Dataset section Start Marker

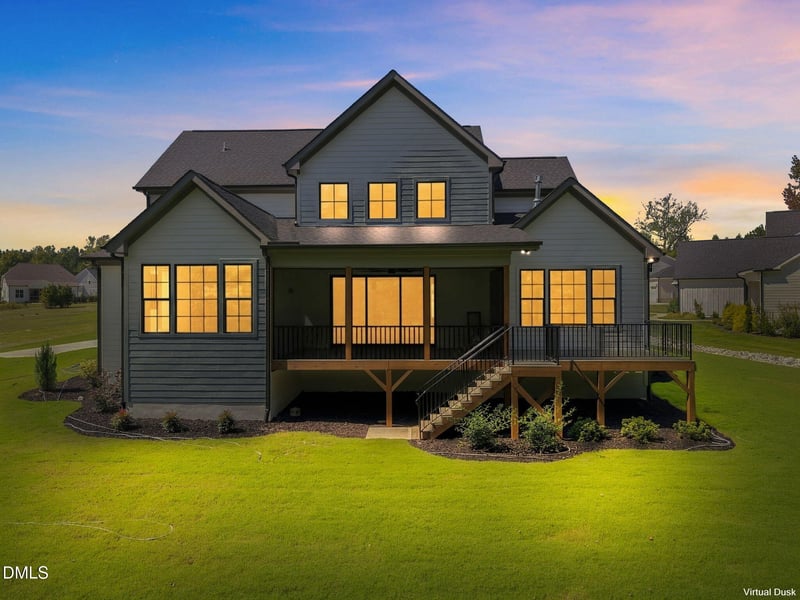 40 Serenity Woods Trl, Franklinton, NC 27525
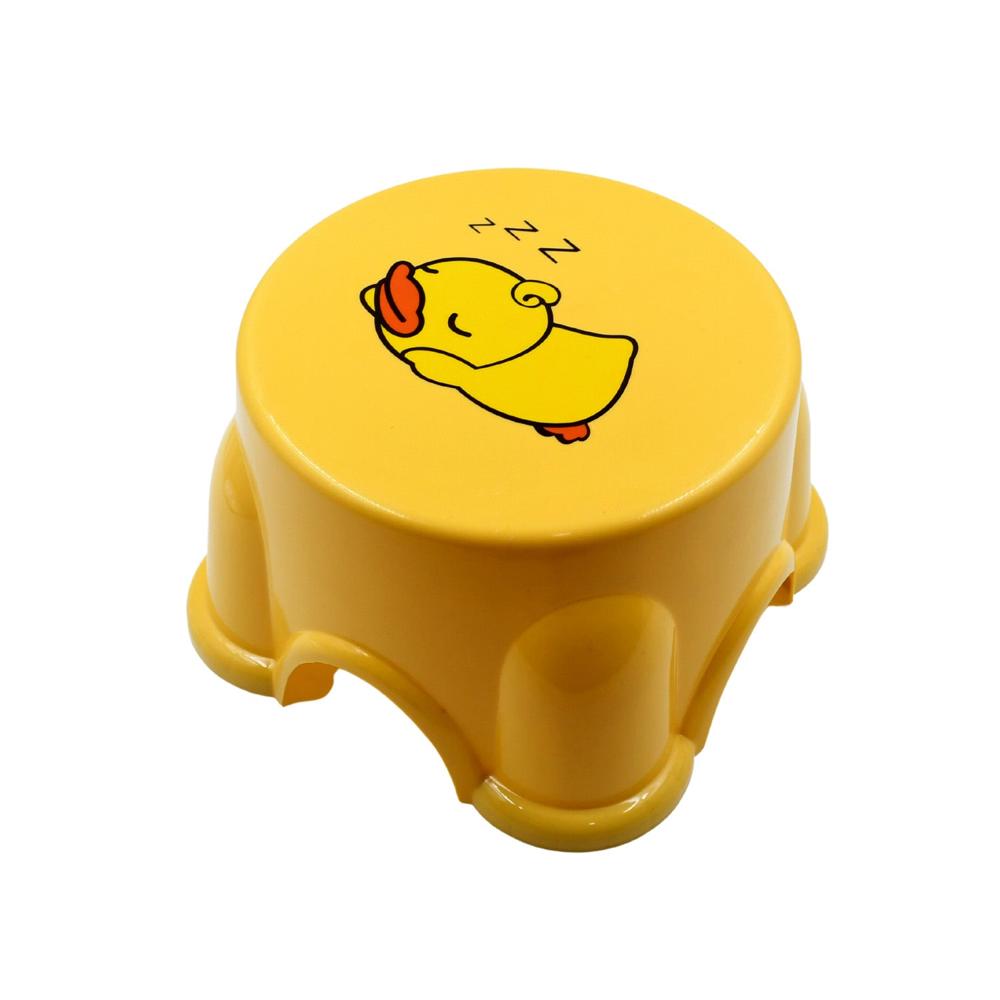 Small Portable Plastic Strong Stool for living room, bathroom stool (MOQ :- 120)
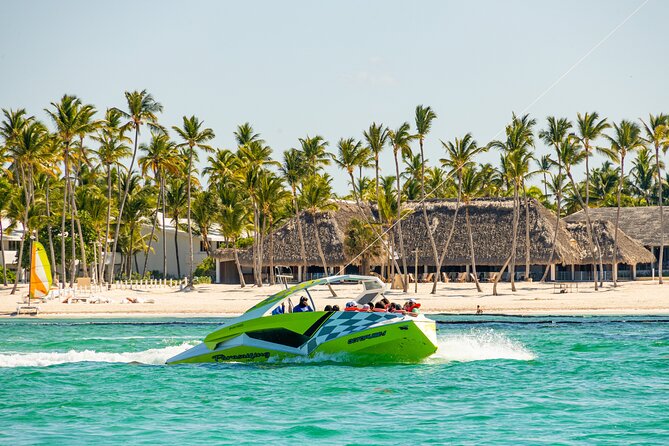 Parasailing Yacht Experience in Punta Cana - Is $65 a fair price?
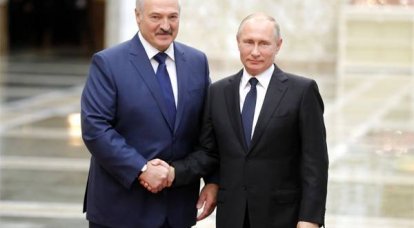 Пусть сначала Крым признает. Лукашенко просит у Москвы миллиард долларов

Dataset section End Marker

What you have to do ->
Retype the whole listing. Keep every word exact but include no pictures.

Reply to the exercise ->
 40 Serenity Woods Trl, Franklinton, NC 27525
 Small Portable Plastic Strong Stool for living room, bathroom stool (MOQ :- 120)
 Parasailing Yacht Experience in Punta Cana - Is $65 a fair price?
 Пусть сначала Крым признает. Лукашенко просит у Москвы миллиард долларов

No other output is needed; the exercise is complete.